I've had several check switch episodes this evening. We had a timer set to catch NCIS and left to go to a meeting. Came back and saw a check switch happening. Lost the recording. This is the first bugaboo for this unit. Mine is a new install with the dp logo on the sat dish. Wife was a bit annoyed.

Dan


----------



## The_Wizard (Apr 19, 2005)

jsanders said:


> $30.38 plus shipping is cheap, however, it starts to add up when you have a dish 500 and a dish 300. Now you need to lnbs and a couple of switchs. The guys who did my install just grabbed the stuff they had laying around and I ended up with legacy stuff. Ouch...


You do not need any switches if you only have two receivers and will be upgrading to the DPP twin. The LNB on the 300 can be connected directly to the DPP twin.


----------



## SimpleSimon (Jan 15, 2004)

The_Wizard said:


> You do not need any switches if you only have two receivers and will be upgrading to the DPP twin. The LNB on the 300 can be connected directly to the DPP twin.


 Just to be clear - the new DishPro single or dual LNB can be connected directly to the DPP-Twin.

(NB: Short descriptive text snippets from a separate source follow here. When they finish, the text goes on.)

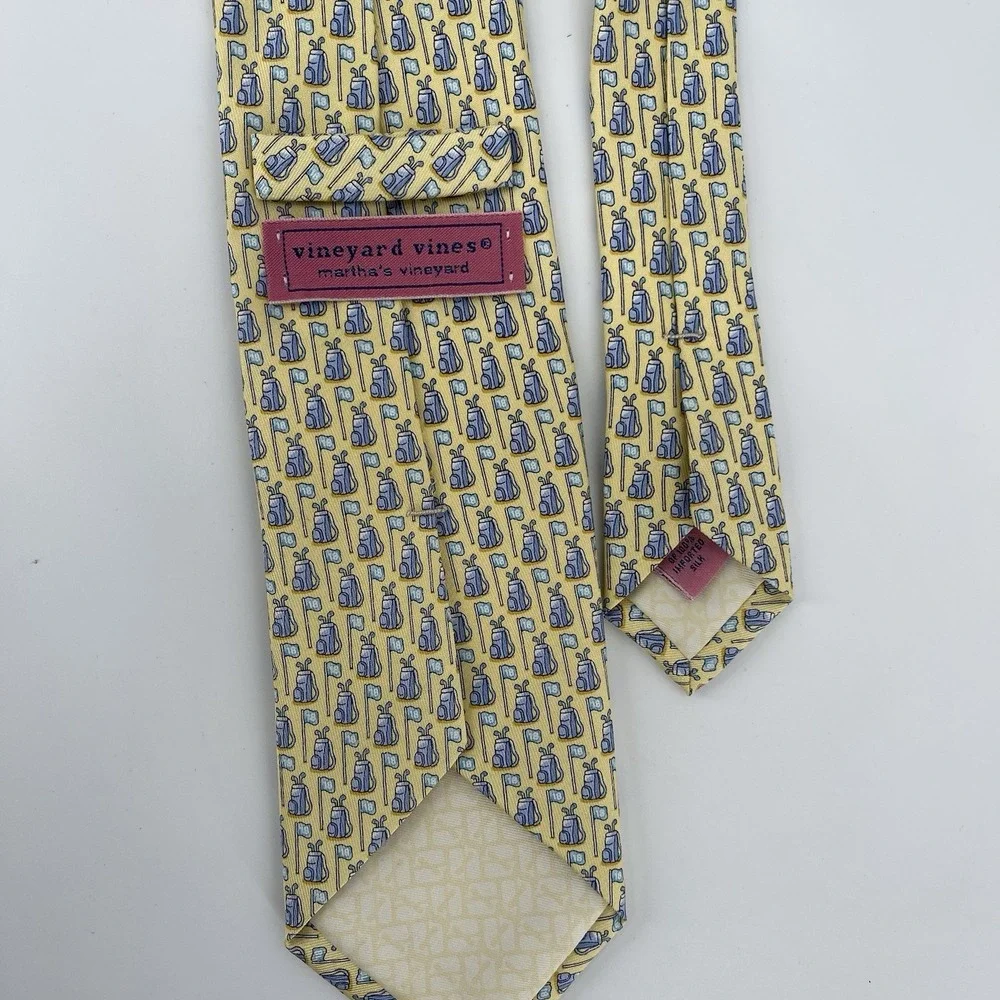 Vineyard Vines Tie Mens One Size Yellow Palm Tree Silk Hand Made USA Prep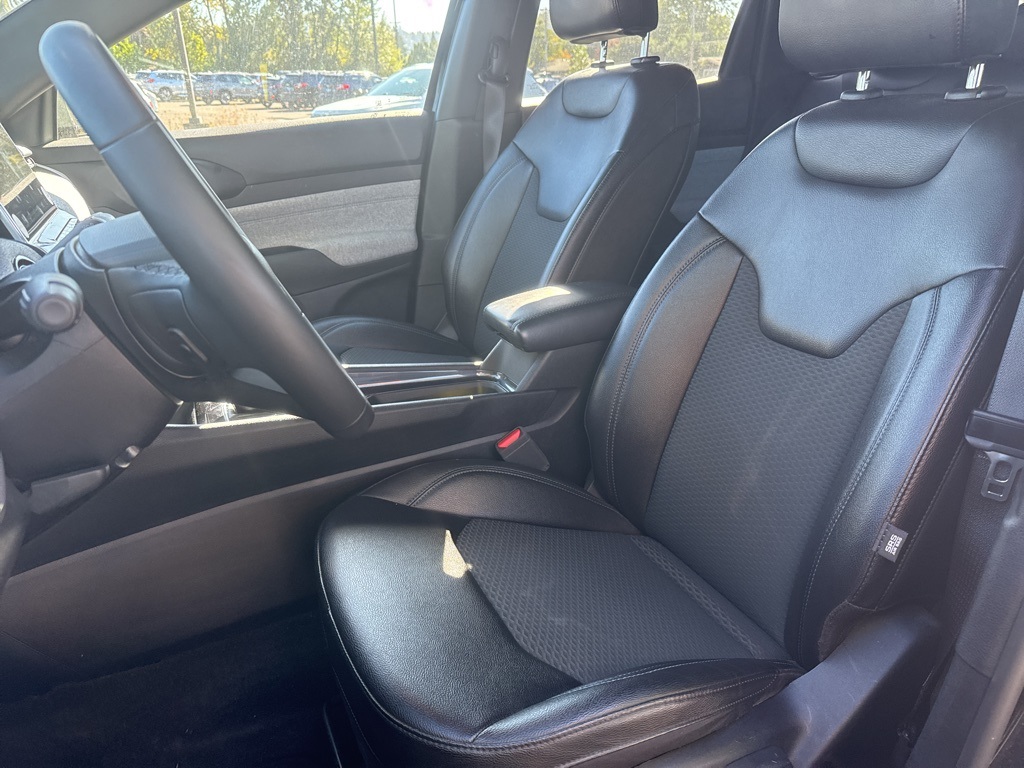 2024 Jeep Compass Latitude photo 13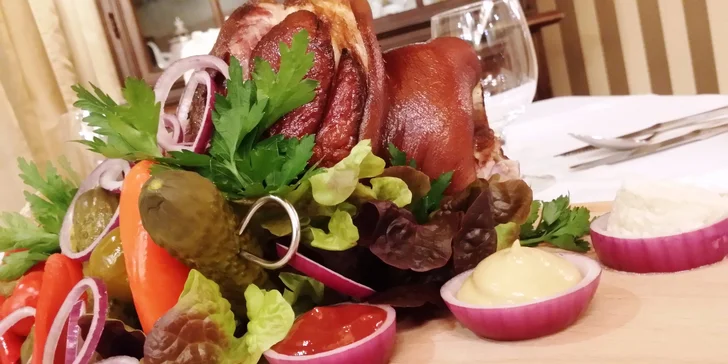 1,5 kg bavorského kolena s oblohou pre 2 osoby v Hoteli Bankov****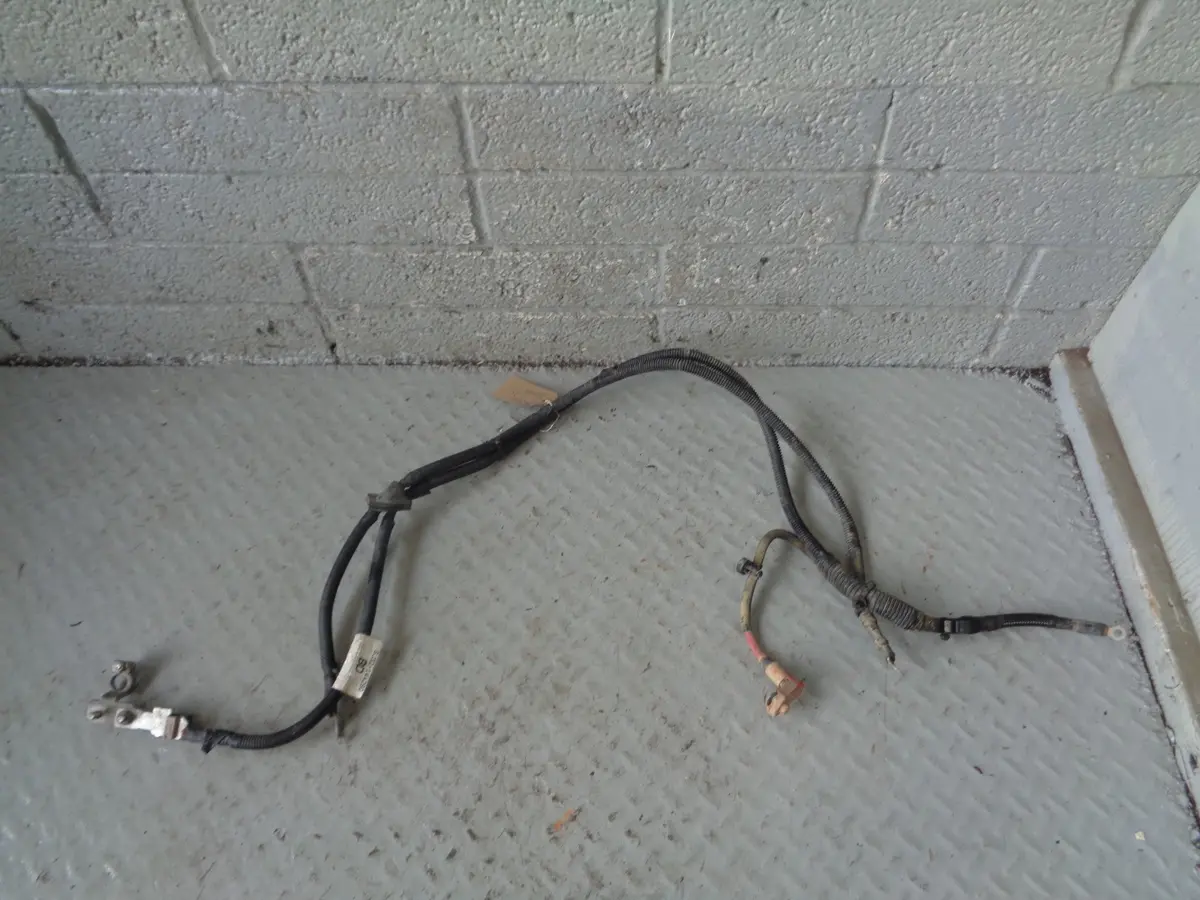 Range Rover Evoque Battery Cable Positive Wiring Gj32-14A280 Bd 2016 To 2018 1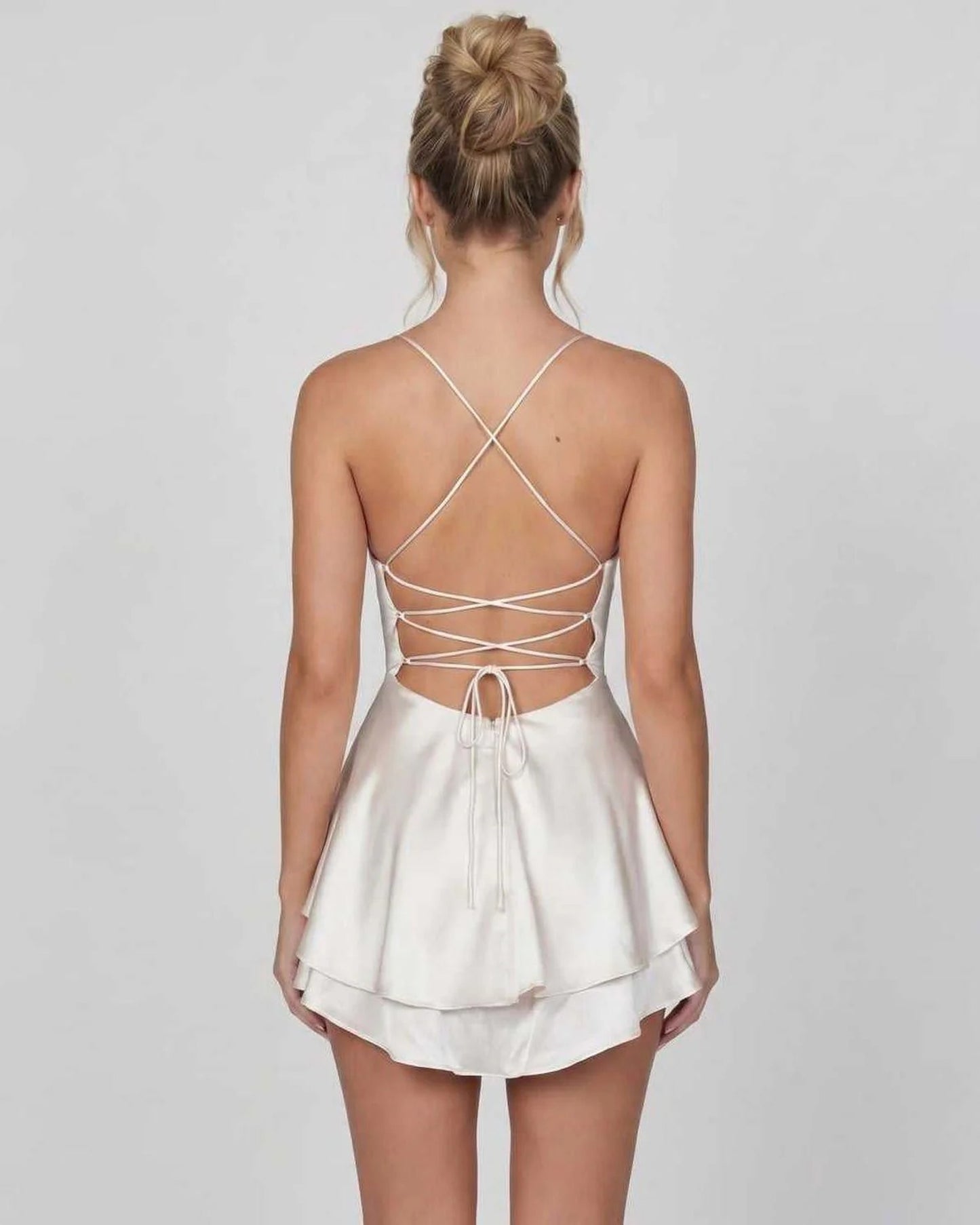 Prudence Dames Mini Kjole | Satinlignende Materiale | Udsvingende Nederdel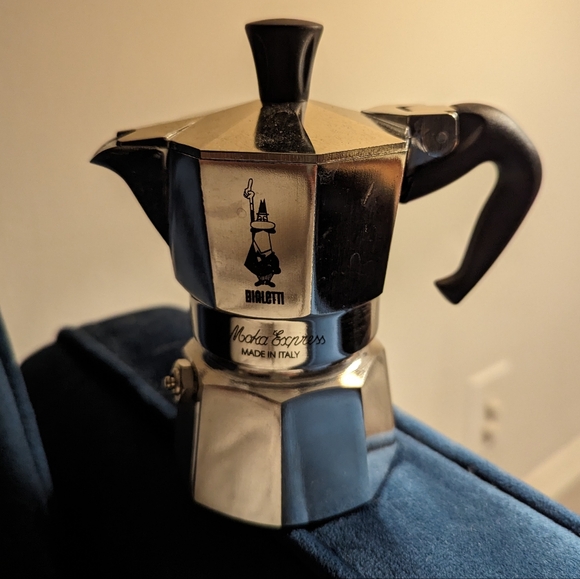 Bialetti Moka Express - Stovetop Espresso Maker, Moka Pot 1 Cup - Picture 2 of 4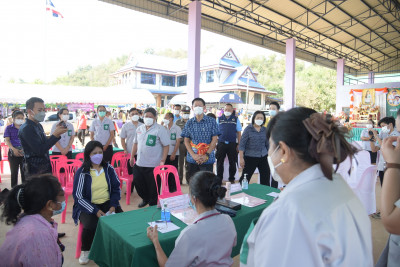 นพ.สสจ.ชัยนาท ร่วมกิจกรรมในโครงการ หน่วยบำบัดทุกข์ บำรุงสุข สร้างรอยยิ้มให้ประชาชน จังหวัดชัยนาท อ.หนองมะโมง จ.ชัยนาท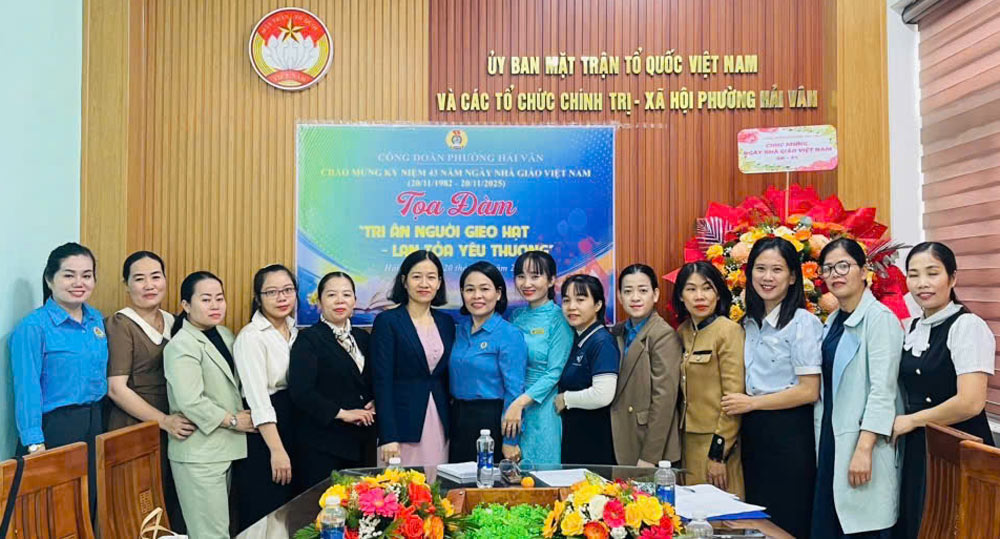 El Sindicato de la phuong Hai Van de Da Nang organizo una reunion y mesa redonda con el tema 'Agradecer a la persona que siembra las semillas - Extender el amor'. Foto: Sindicato de Hai Van.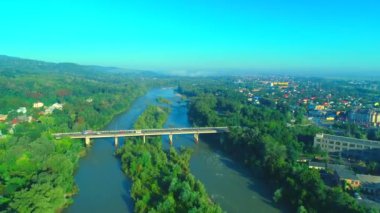 Havadan şehir manzarası ve araba geç öğleden sonra yolda gidiyor üzerinde sinek. 4k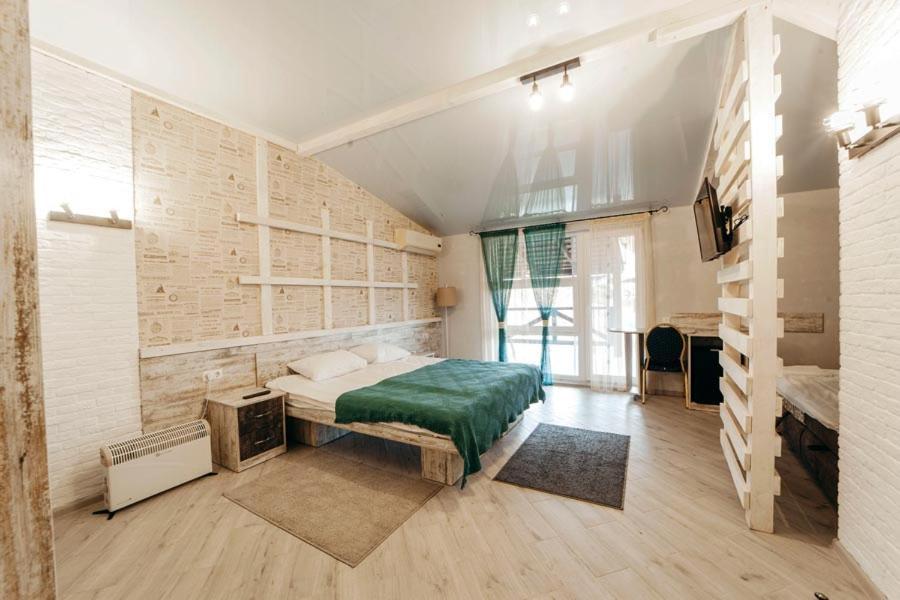 Hotel Butterfly Sadove Zewnętrze zdjęcie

No mix-n-match of Legacy & DishPro outdoor gear.


----------



## deweybrunner (Feb 8, 2004)

Simon, I just have the one receiver, with a legacy lnb. I ordered a twin dishpro and should be here tomorrow. will i have any problem attaching to my dish 500. At dishstore they said this is what i needed to replace the legacy. Also, I have no switches in the line. thanks


----------



## The_Wizard (Apr 19, 2005)

SimpleSimon said:


> Just to be clear - the new DishPro single or dual LNB can be connected directly to the DPP-Twin.
> 
> No mix-n-match of Legacy & DishPro outdoor gear.


Yes, that's right.


----------



## deweybrunner (Feb 8, 2004)

Yesterday I replaced my legacy lnb with the dpp twin. Re-booted, ran check switch, downloaded, however never got program guide for locals. Turned 3am download on over night. a.m no guide info. for locals. Did check switch and found out 110 was not receiving, completed check switch and down load. 110 then came in: still no local guide data. Then did a front panel reboot. Then all came on with guide data. Maybe after a couple nights it will not lose signal and download properly?


----------



## Mark Lamutt (Mar 24, 2002)

dewey - if you're not getting 110, you either need to repeak your dish, or you got a bum DPP Twin lnb. If you're getting strong signal from 110 one minute, and then losing signal from 110, you've got an LNB problem there my friend.


----------



## Beer Kahuna (Mar 25, 2005)

Mark,

On a similar vein: On 199 my signal strentgh is 124/125. On 110 it's 81/125. Should I re-aim my dish or tweak my LNB to get a happy medium (like 105 and 105) or does it really matter?


----------



## Mark Lamutt (Mar 24, 2002)

Beer - probably won't matter at all until you get a heavy rainstorm up there. Which is probably more often than not for you...you might want to tweak the 110 side, and then see where 119 ends up.


----------



## Wheaton (Feb 12, 2003)

I have just been told by E* CSR's that DP Twin LNB's with CM prefix have a known problem when mated with the DPP 44 Switch. The symptoms are eratic responses from Check Switch Test. Virtually everytime I run Check Switch test, the test fails to detect one of the three satellites I use (110/119/148), Sometimes it sees only the odd TP's and sometimes the even TP's. 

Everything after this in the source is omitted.